**ACTIVITY**. Word for word, copy the lines beginning at the one with "جنيها إلى 700" and ending at the last line below; pictures stay out.

**EXERCISE DATA**.
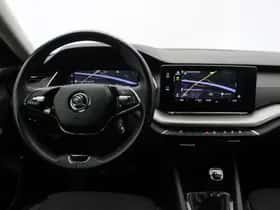 Škoda Octavia (2021) thumbnail 3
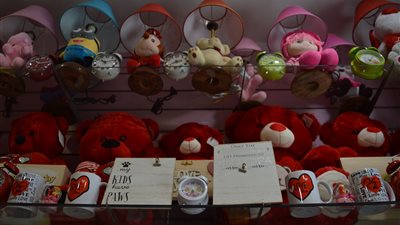 «تجارية القاهرة»: أسعار هدايا عيد الحب تبدأ من 50 جنيها إلى 700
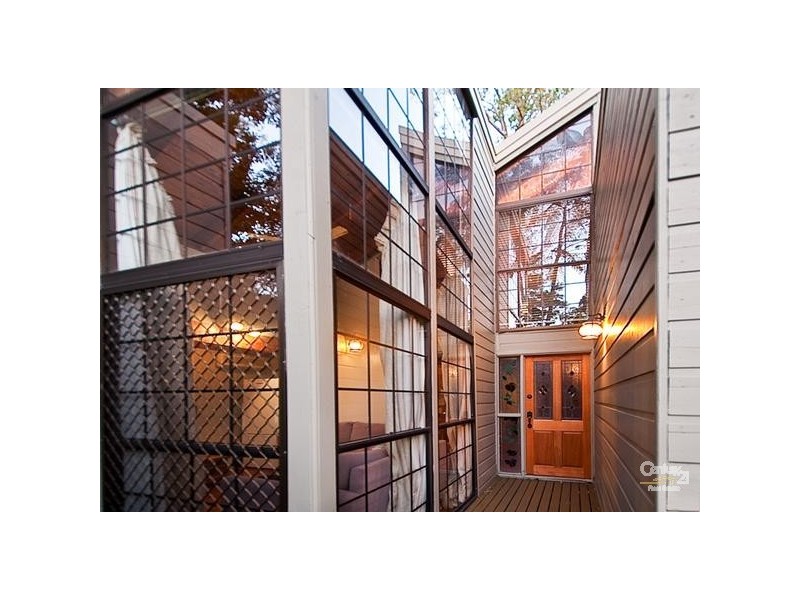 8 Jocelyn Court, Chapel Hill QLD 4069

**RESPONSE TO THIS EXERCISE**.
 «تجارية القاهرة»: أسعار هدايا عيد الحب تبدأ من 50 جنيها إلى 700
 8 Jocelyn Court, Chapel Hill QLD 4069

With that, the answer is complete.